The developed world is certainly aware of this, as vulnerable cities in Western Europe and North America have taken major steps to prepare themselves for rising sea levels. Venice, for example, has for decades had teams of engineers working on flood mitigation. Their proposals have included grandiose ideas such as an underwater gate to restrict water flow in times of flooding. In post-colonial countries like Pakistan, however, pioneering ambitious infrastructure projects is less economically feasible. But that is not to say the situation is hopeless. Pakistan would benefit from green infrastructure projects like wetland rehabilitation, which have been proven to improve real outcomes in times of extreme flooding.

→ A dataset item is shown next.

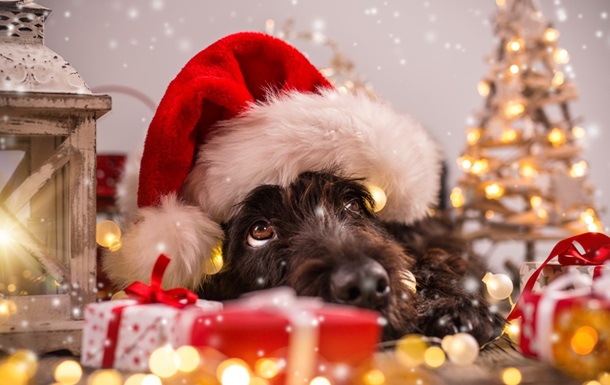 New Year's Eve with the Dog - Start the New Year with no Firecrackers 13 New Year's Eve with the Dog - Start the New Year with no Firecrackers 13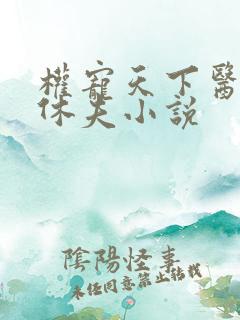 权宠天下医妃要休夫小说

Economic developments could also alleviate the suffering of nations vulnerable to climate change. Pakistani farmers are critically underinsured against natural disasters, which makes a disaster like this year’s floods even more catastrophic. Increased availability of flood insurance in Pakistan and other lowland nations could make these countries more economically resilient to the rising tide of climate change, and even promote further development by guaranteeing stability in the future. These changes will not happen without a concerted effort, however, meaning that the governments of countries like Pakistan and the international community will need to collaborate to support climate change resilience.
The UN’s Green Climate Fund is one example of the efforts being made today to help the Global South overcome climate change. However, it is mostly focused on reducing carbon emissions rather than disaster mitigation, and its 11 billion dollar budget is grossly inadequate for the tremendous challenge at hand. For reference, the United States Department of Defense budgeted 31.2 billion dollars for guided missile development in 2022, and the French government allocated over 17 billion Euros to “territorial cohesion” in that same year. Nonetheless, it seems that western nations have little political appetite for increasing their financial commitment to these programs. Rather, it may take the brute force of nature, and the continued destruction of life, land, and society to shock the global community into action. Climate change is an existential challenge, and one that calls into question the entire system of cooperation and capitalism within today’s international order. Luckily, the system can adapt as it has before—and it must if we hope to preserve our prosperity for future generations.